Luckily, there are many non-dairy sources to help keep your body running strong! You can find these vital nutrients in dairy products like milk, cheese and yogurt. Broccoli, kale, soybeans, figs, oranges and seafood are also excellent non-dairy sources!
People over 18 years old need 700 mg of calcium per day.
For a list of the top 40 calcium and vitamin D rich foods, check this out: https://www.nof.org/patients/treatment/calciumvitamin-d/a-guide-to-calcium-rich-foods/
F is for fruits, fish and folate.
Along with calcium and vitamin D, folate is another vital nutrient. Folate is the natural form of a B vitamin in foods. Folic Acid is the synthetic form. Non-pregnant adults need 400 mcg of folate daily.
Reduce the risk of birth defects, such as spina bifida, with an adequate intake of folate. If you are pregnant, the National Institute of Health recommends you consume at least 600 mcg of folate from their normal daily diet. In addition to eating foods that are rich in folate, if you are planning a pregnancy or are in the early stages of pregnancy (the first three months or ‘first trimester’) you should take a daily supplement containing 0.5 mg of folic acid. If you are breastfeeding, the recommended daily intake is 500 mcg.

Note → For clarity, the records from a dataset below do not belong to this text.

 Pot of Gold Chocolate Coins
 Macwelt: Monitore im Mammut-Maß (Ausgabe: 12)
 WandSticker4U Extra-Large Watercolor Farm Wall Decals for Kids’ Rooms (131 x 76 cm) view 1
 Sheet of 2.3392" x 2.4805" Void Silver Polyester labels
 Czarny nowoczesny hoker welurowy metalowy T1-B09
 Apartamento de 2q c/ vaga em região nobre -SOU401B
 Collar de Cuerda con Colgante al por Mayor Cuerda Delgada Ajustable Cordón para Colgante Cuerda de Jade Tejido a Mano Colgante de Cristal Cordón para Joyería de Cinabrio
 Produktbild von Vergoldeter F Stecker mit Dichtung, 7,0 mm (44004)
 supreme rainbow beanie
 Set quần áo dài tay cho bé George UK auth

Harvard University researchers have uncovered a link between lower frequency of infertility and folic acid, omega 3s and folic acid. A diet rich in beans, wholegrains, salmon and other oily fish, walnuts, wholegrains, vegetables and fruit can also boost fertility in men and women.
Skip the drive thru burgers. An Australian study has found a connection with eating fast food and lower fertility. The study also found women who consumed fruits at least three times a day in the month before becoming pregnant where able to conceive a month earlier than those who didn’t eat enough fruit.

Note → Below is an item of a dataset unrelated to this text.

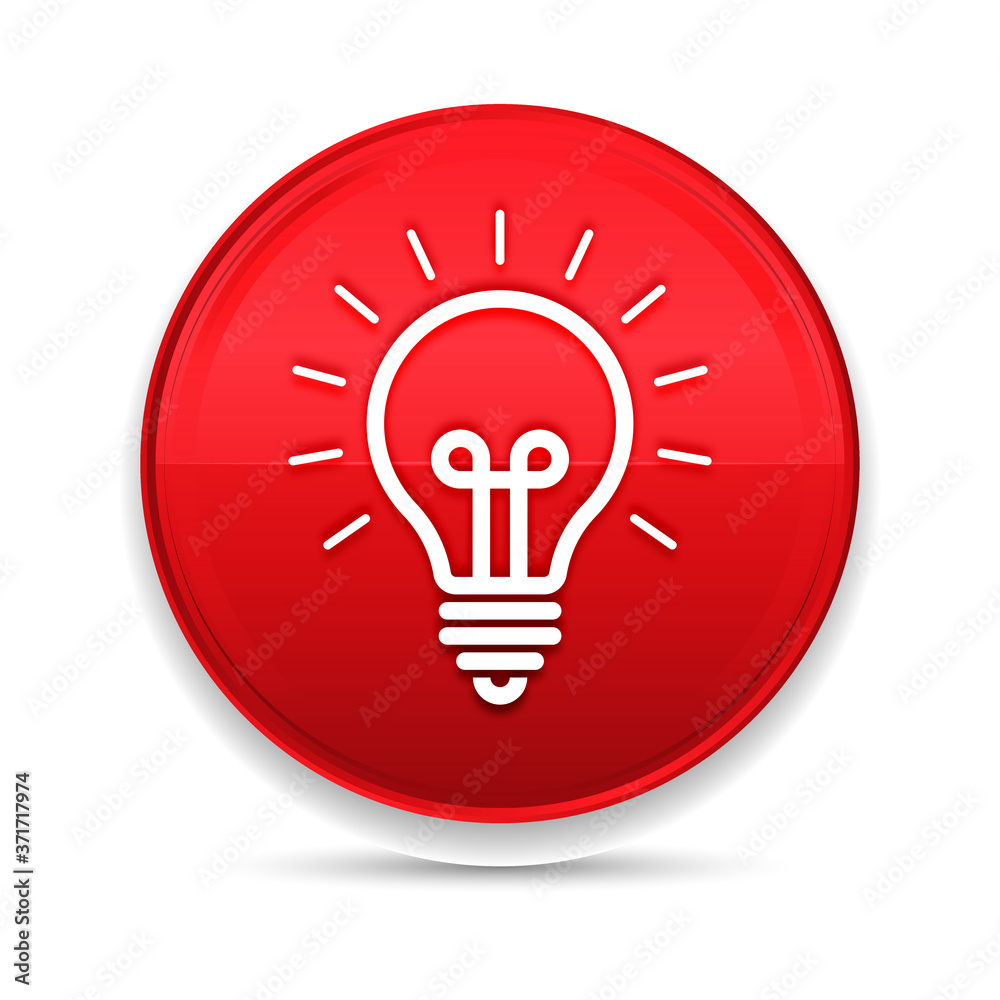 Lightbulb icon shiny luxury design red button vector Lightbulb icon shiny luxury design red button vector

When stress kicks in, kick it to the curb!
Stress impacts physical and emotional wellbeing, but it can also impact your immune system.
There’s a ton of buzz about the importance of gut health these days. We now know that a healthy gut is important for more than just digesting food. Many people are surprised to learn that most of the immune system is found in the gut. Studies have shown a STRONG link between gut health (microbiome) and anxiety, depression and stress. Gut microbes produce and regulate serotonin. 90% of serotonin is found in the digestive system and helps with feelings of well-being and happiness. It’s actual biological function is multifaceted. Serotonin contributes to cognition, learning, memory, and numerous other physiological processes by sending signals between your nerve cells. This is why the gut is often referred to as your second brain.

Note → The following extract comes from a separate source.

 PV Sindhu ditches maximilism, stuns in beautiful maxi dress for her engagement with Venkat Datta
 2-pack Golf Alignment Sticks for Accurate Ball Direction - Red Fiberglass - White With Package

To maintain a healthy gut, eat a diet that includes plenty of fiber. Add probiotic foods such as yogurt, kefir, sauerkraut and other fermented foods. It’s also important to include prebiotic foods such as onions, lentils and leeks.
Avoid refined sugar. Sugar and refined/processed foods can create gut imbalance and inflammation, weight gain & hormonal imbalance. White, or refined sugar also promotes the growth of bad bacteria and upsets gut flora balance.
Magnesium is another essential mineral for serotonin production and can help combat depression. Magnesium is available in supplements and is also plentiful in wholegrains, beans, seeds, nuts and green leafy vegetables. http://defyagewithfood.com/magnesiumformuscle
In conclusion, a balanced diet rich in green leafy vegetables provide many physical and emotional benefits. Aim for at least five servings of vegetables daily (that’s about 2 1/2 cups of cooked vegetables), and that includes leafy greens. Whole foods are preferred, but most people get about half of what they need every day. If 2 1/2 cups of vegetables just isn’t something you can do, most people only eat about half that amount, you can opt for your greens in a drink. I love and use this one: Organic Greens. Add in exercise, at least every other day, and some meditation as often as you can. You’ll feel better physically, emotionally refreshed, and ready to face the challenges of your day with a healthy attitude!